Ginko made headlines two years ago when it discovered a small amount of oil near the Dead Sea through Zuk Tamrur 3. This time around, Ginko director Rami Karmin believes Zuk Tamrur 4 in the reserve has the best chance to produce as much as 6.5 million barrels.
But even he admits that drilling for oil is “a tricky business” and there are no guarantees.
“We are talking about drilling in a spot that the Authority had already approved drilling there 10 years ago, and we requested that spot because we thought they’d approve it again. The district committee approved it two weeks ago and now we need the Authority’s approval,” he said.
“We need [approximately] 1.25 acres out of 150,000 for two months so that we can drill an exploratory hole 2,000 meters down. We had an ecological company evaluate the area. There have also been other exploratory holes in the Dead Sea area and you can’t even see them anymore,” Karmin argued.
According to Karmin, Zuk Tamrur 4 is the likeliest place in Israel to find oil because of its unique geological properties.
“There is oil around the Dead Sea but the constant little earthquakes that occur because the Sea is on a fault line release the pressure before the oil can be driven to the surface. At this spot, there is a four-way closure and there is a good chance there is oil there,” he said.

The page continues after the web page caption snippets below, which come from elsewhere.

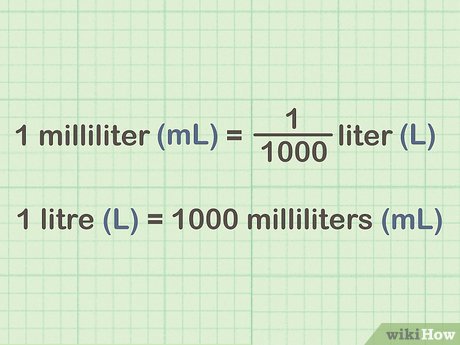 Converteren liter (l) naar milliliter (ml)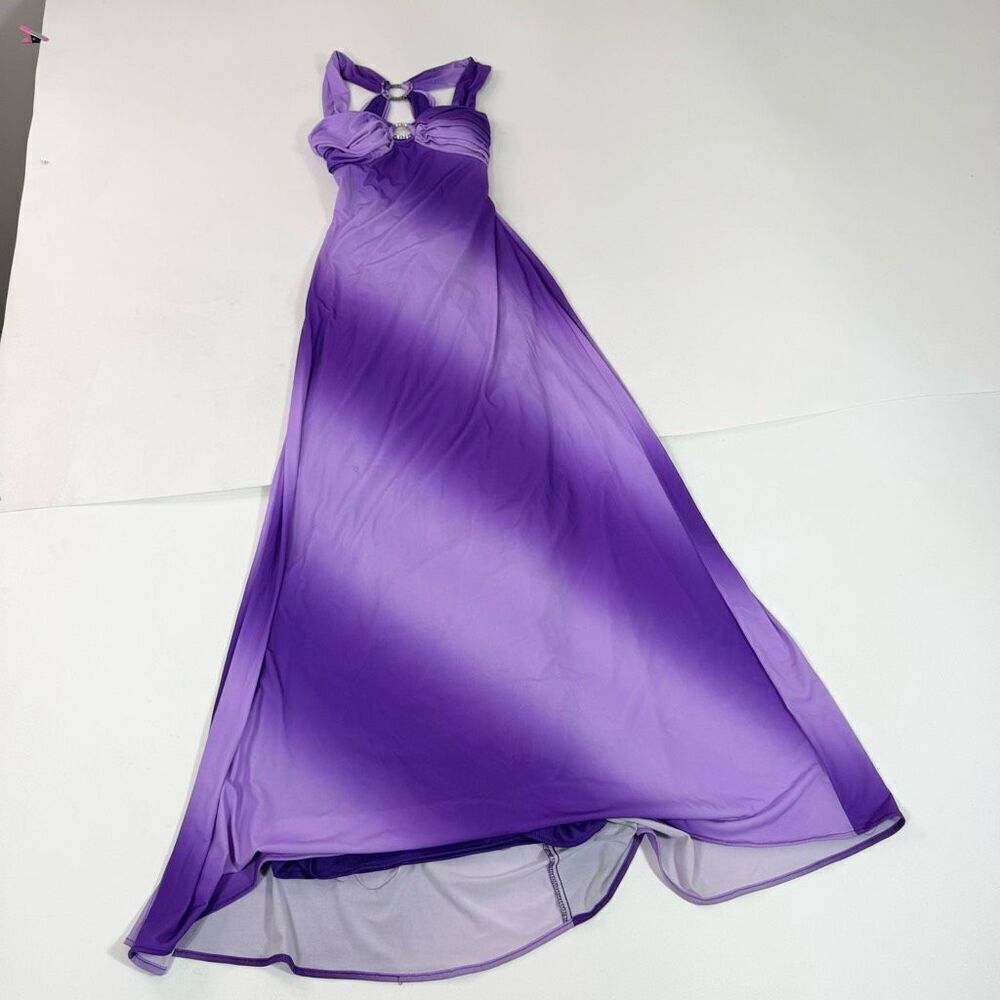 Vintage Y2K Fanny Fashion Dress Women Small Purple Maxi Prom  Rhinestone Rings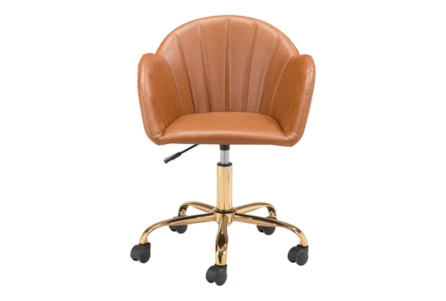 Tan Faux Leather Modern Shape Desk Chair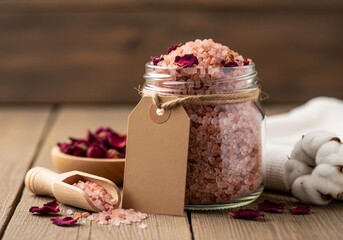 Natural bath salt jar with rose petals and blank kraft tag on rustic table 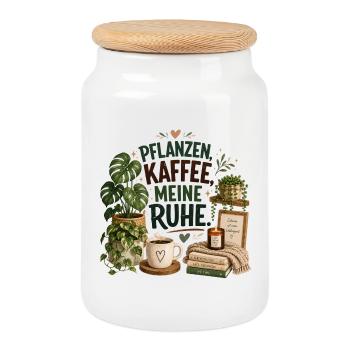 Pflanzen - Kaffee - Ruhe - Keksdose mit Holzdeckel - Weiß - Vorne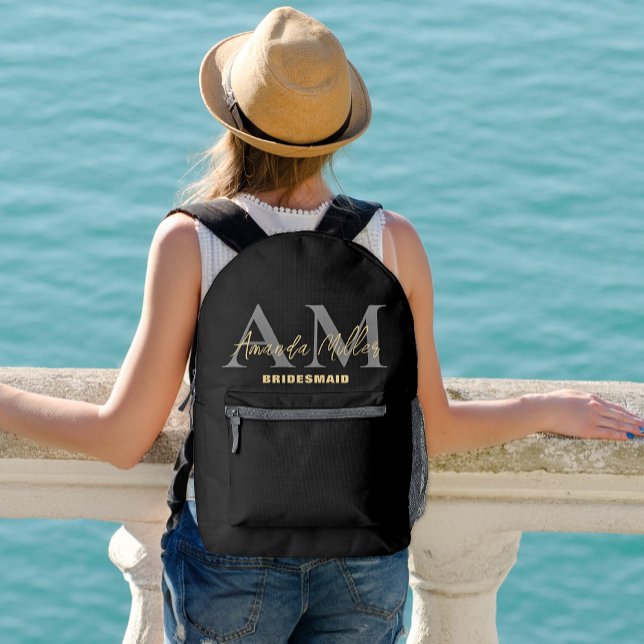 Personalised With Name Black Gold Modern Monogram Printed Backpack (Creator Uploaded)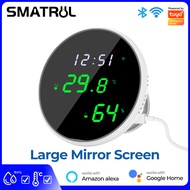 SMTRUL Tuya /Smart life APP Wifi Temperature Humidity Meter Sensor Large Mirror Screen LED Digital D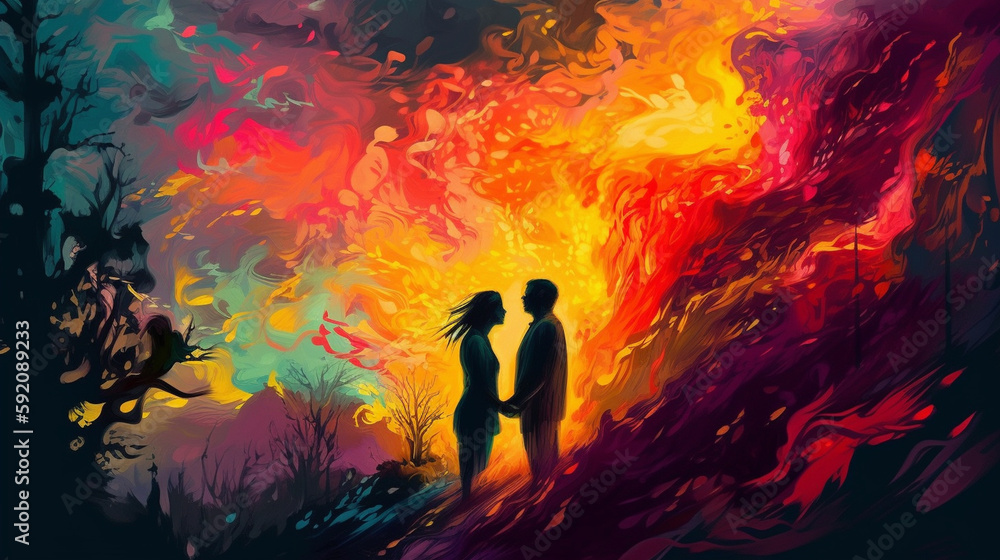 silhouette of a loving couple on a background of fire.generative ai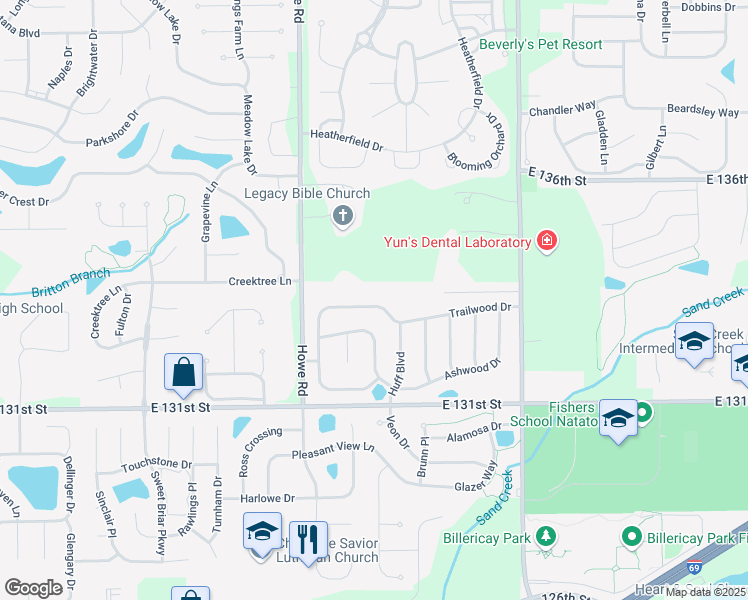 map of restaurants, bars, coffee shops, grocery stores, and more near 10726 Trailwood Drive in Fishers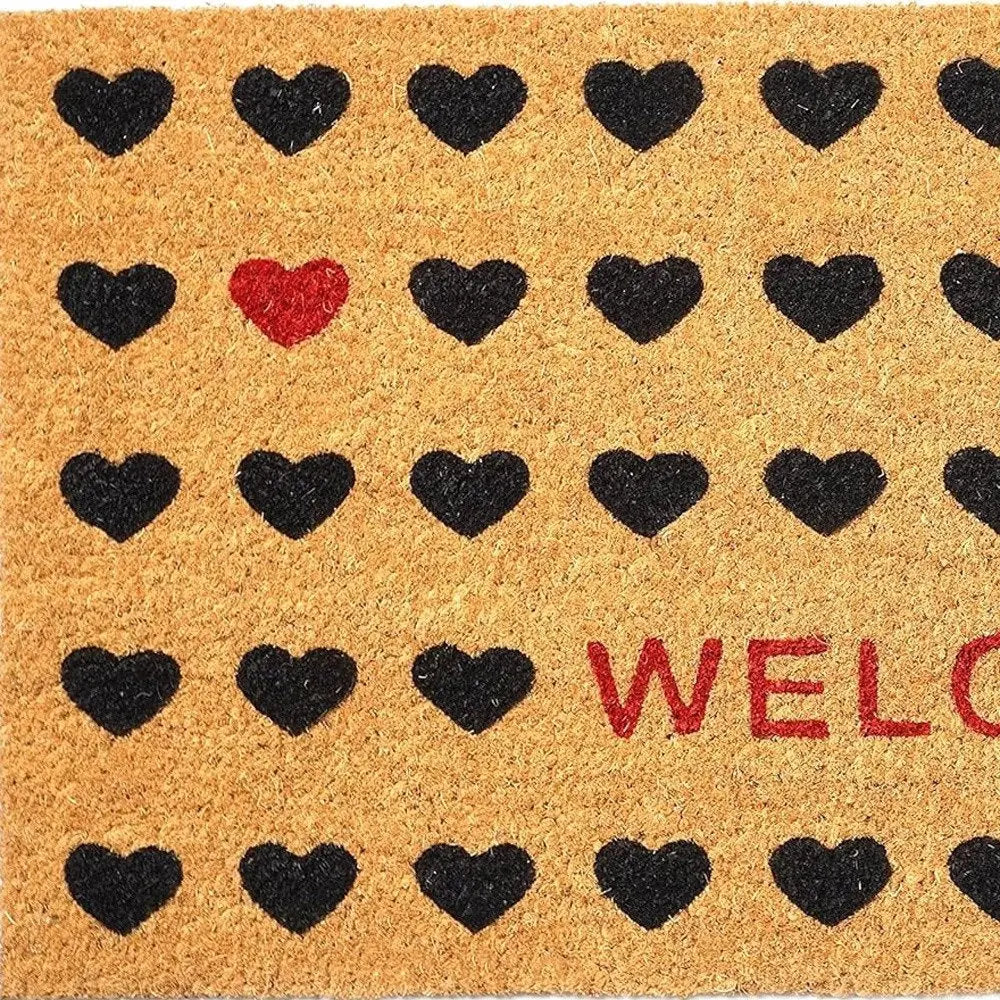 17" X 29" Natural and Black Coir Heart Welcome Outdoor Valentine's Day Door Mat HomeRoots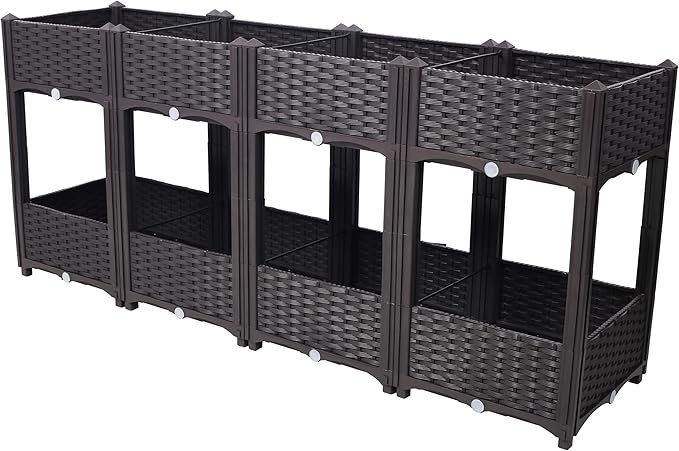 Planter Raised Beds Elevated Drainage Plug Raised for VegetableFlowerHerb Outdoor Standing Planter Beds Gardening KitBrown63x15.7x27.7 QB590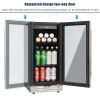 Built-in and Freestanding 15" Mini Beverage Refrigerator/Wine Cabinet, 120 Cans, 37-65°F, Quiet, Adjustable Shelves, LED Lighting, ETL , Touch Control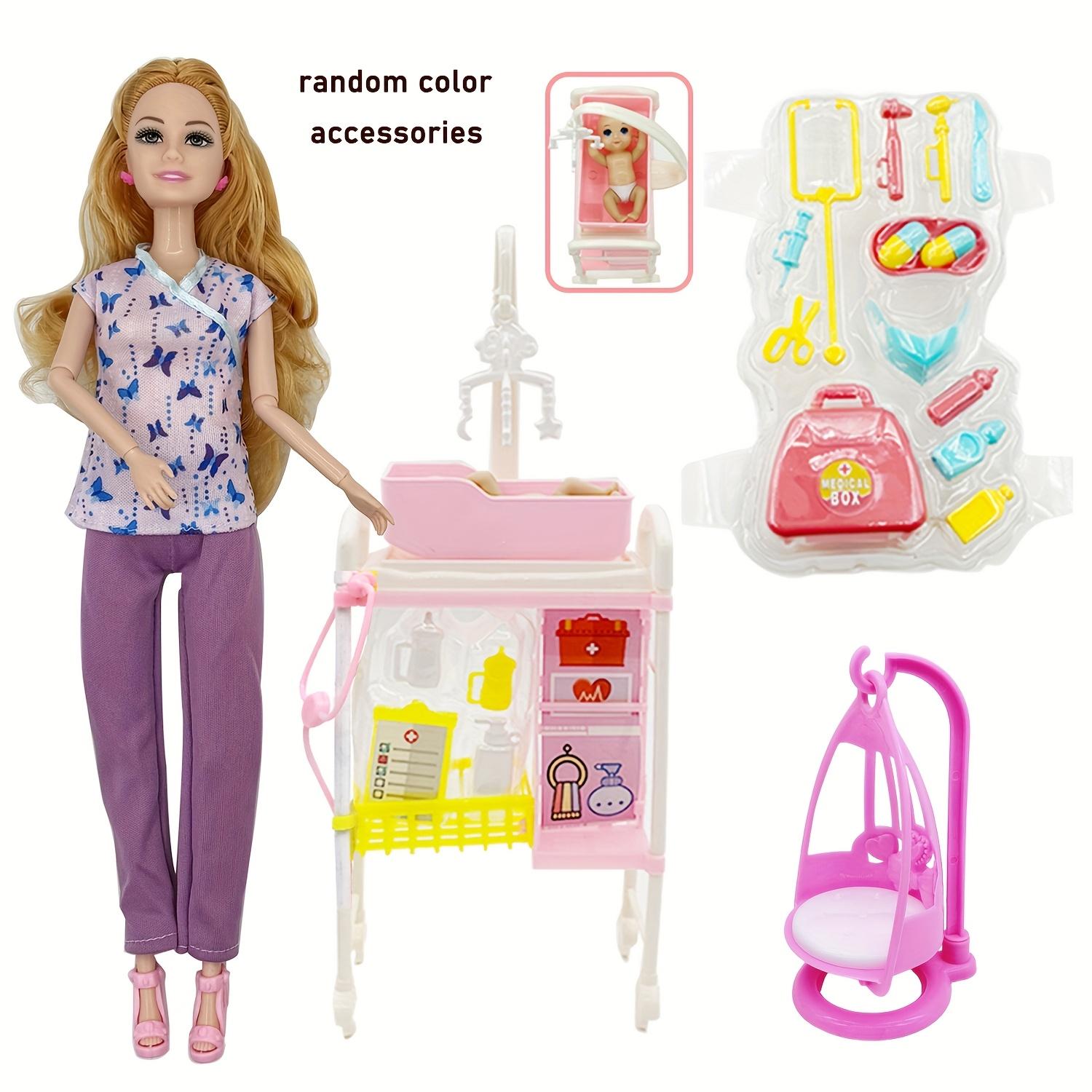 

30cm Doll Nurse Theme Toy Set Simulation Baby Car Accessories Puzzle Toys Birthday Christmas Gift Kid Friendly Entertaining Fun Play Safe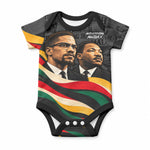 MLK And Malcolm X Civil Rights Baby Onesie Martin Luther King Jr - Pan African Flag - Vintage Newspaper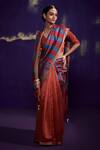 Buy_Dressfolk_Orange Silk V-neck Handloom Saree Set _at_Aza_Fashions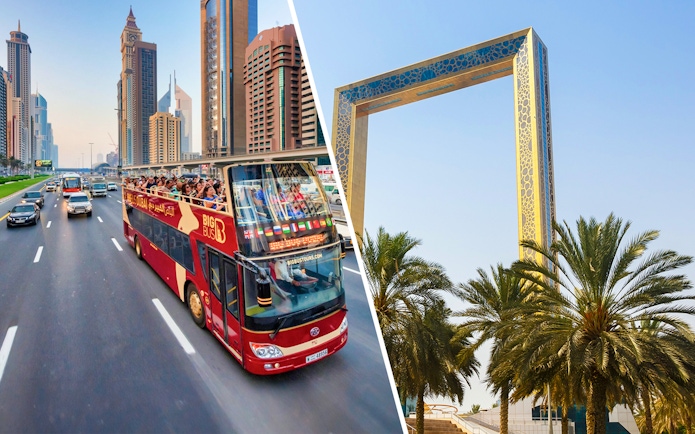 Open-top bus tour in Dubai with city skyscrapers and Dubai Frame in view.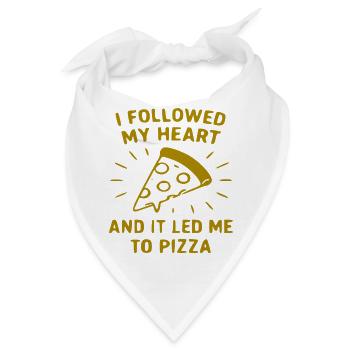 Herz folgt der Pizza - Bandana - Weiß - Vorne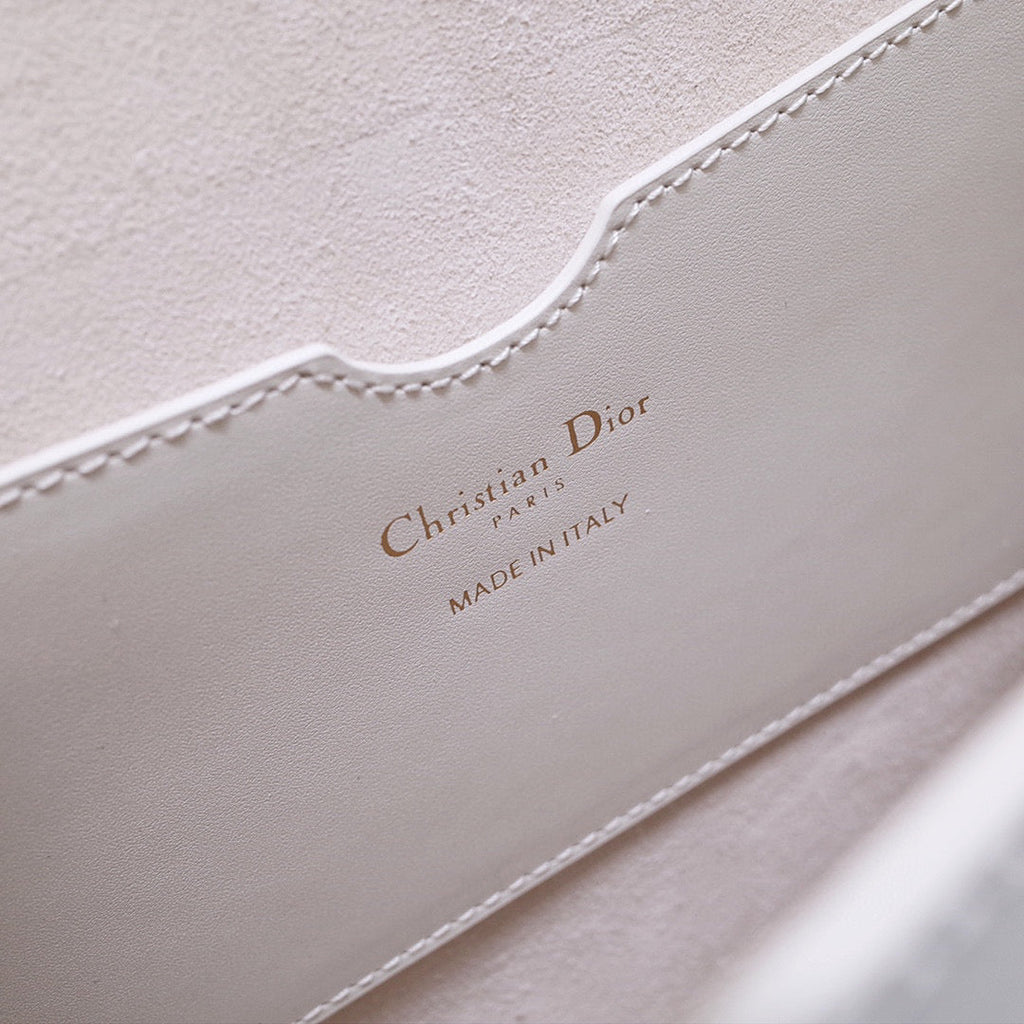 Dior M9320 Large Bobby Bag white Box Calfskin with Blue Oblique Strap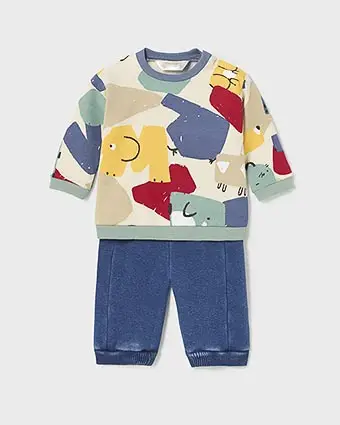 Completo composto da felpa stampata multicolore e jeans a lavaggio scuro stone washed 6-18 mesi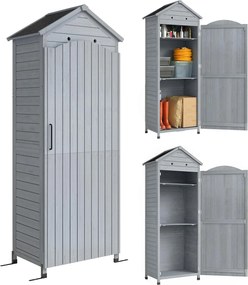 Outsunny Armário de jardim em madeira extra alto com prateleiras ajustáveis, porta magnética, telhado galvanizado, ventilação | Aosom Portugal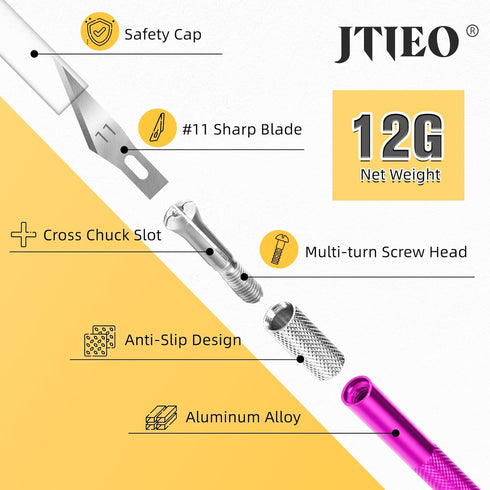 JTIEO 74 Pack Hobby Knife Exacto Knife with 4 Upgrade Sharp Hobby Knives and 70 Spare Craft Knife Blades for Art, Scrapbooking,Stencil...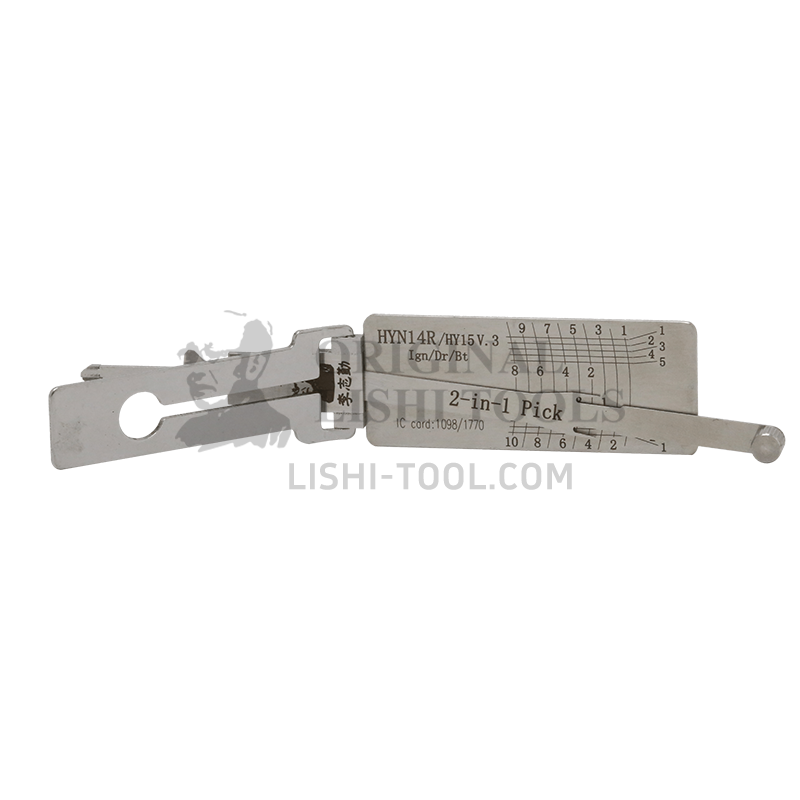 Lishi 2-in-1 (10-CUT) HY15 Tool for Hyundai, Kia - Lock Pick and Decoder - Ignition Lock, Door Lock, Trunk
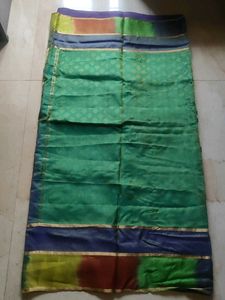 Green Silk Saree with Multi-Color Border and st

However, SPNI argued Sunday in a position paper ahead of Tuesday’s meeting that the relatively small predicted reservoir did not justify the massive ecological damage. Israel uses about 80 million barrels of oil per year, or 270,000 per day. 6.5 million barrels would meet Israel’s needs for less than a month.
Karmin contended that the amount of oil wasn’t the point, its cost was.
“Six-and-a-half million barrels is worth about $800 million. The government would be receiving about $400m. in fees and taxes – can we really afford to turn down that much money?” he demanded.
The Authority’s Science Committee, nevertheless, has submitted its assessment report to the general assembly and has counseled the body to prohibit the companies from drilling. The committee consists of, among others, two professors and two doctors, including the Environmental Protection Ministry’s chief scientist Dr. Yishayahu Baror – who apparently disagrees with his minister.
Rather than a deserted corner of the desert, the site actually sits in the middle of a very narrow corridor which serves as a natural transit area between the Judean Desert Reserve and the Negev reserve, the committee said. Disturbing the area would have a massive impact on plant and animal life in the whole area, they argued. Animal populations would be cut off from their main groups with no way to get back to the Negev, they said.
The committee addressed both the potential damage from the initial drilling, but also the greater potential impact of striking oil.
While an exploratory hole would inevitably cause some damage, if oil was found, much more damage would result, the committee wrote. A constant stream of tanker trucks and the new roads they would require would doubtless result in severe damage. Even putting up lights, as is usual for drilling sites, would adversely affect the delicate ecosystems. The inevitable accidents if oil were found would pollute the ground in the area as well, according to the report.
The committee concluded by reminding the general assembly that it was precisely their job to protect nature in the face of such threats.
Meanwhile, even if the committee voted against granting them permission on Tuesday, Karmin vowed to employ additional legal measures to get the permits.